Bulgular: Anabilim Dalımızda over patolojisi nedeniyle ameliyat edilen 193 olgunun, histopatolojik olarak 64’ü benign (%73,6), 23’ü malign (%26,4) olmak üzere 87 tümör olgusu çalışmaya dahil edildi. Olguların yaş ortalaması 12,4±3,8 yıl iken %63’ü menarş sonrasıydı. Torsiyon Grup 1’de istatistiksel anlamlı izlenirken, Grup 2’de kabızlık ve batın distansiyonu yüksek bulundu. Grup 2’de CA-125, LDH ve AFP düzeyleri istatiksel anlamlı bulundu. Ameliyat öncesi görüntülemeler ile saptanan ortalama kitle boyutu Grup 1’de 8,29 ± 5,90 cm olarak ölçülürken, Grup 2’de 16,18 ± 7,59 cm olarak saptandı. Grup 2’de bilgisayarlı tomografi kullanımı istatistiksel anlamlı bulundu. Ameliyat yöntemi değerlendirildiğinde, Grup 1’de over koruyucu cerrahi oranı istatiksel anlamlı bulundu.

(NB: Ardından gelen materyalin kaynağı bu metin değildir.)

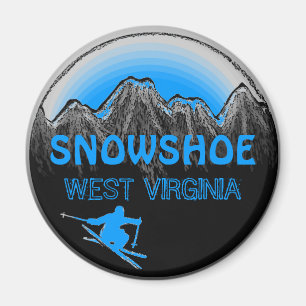 Íman Imagem azul de esqui Snowshoe West Virginia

Sonuç: Çocukluk çağı over tümörlerinde, malignite riski ameliyat yöntemine yol gösterici olmaktadır. Çalışmamızda CA-125, LDH ve AFP gibi tümör belirteçlerinin anlamlı yüksekliği; batın distansiyonu, kabızlık gibi bulgular, ameliyat öncesi görüntülemelerde kitlenin boyutu, malignite öngörücü faktörleri olarak tespit edildi.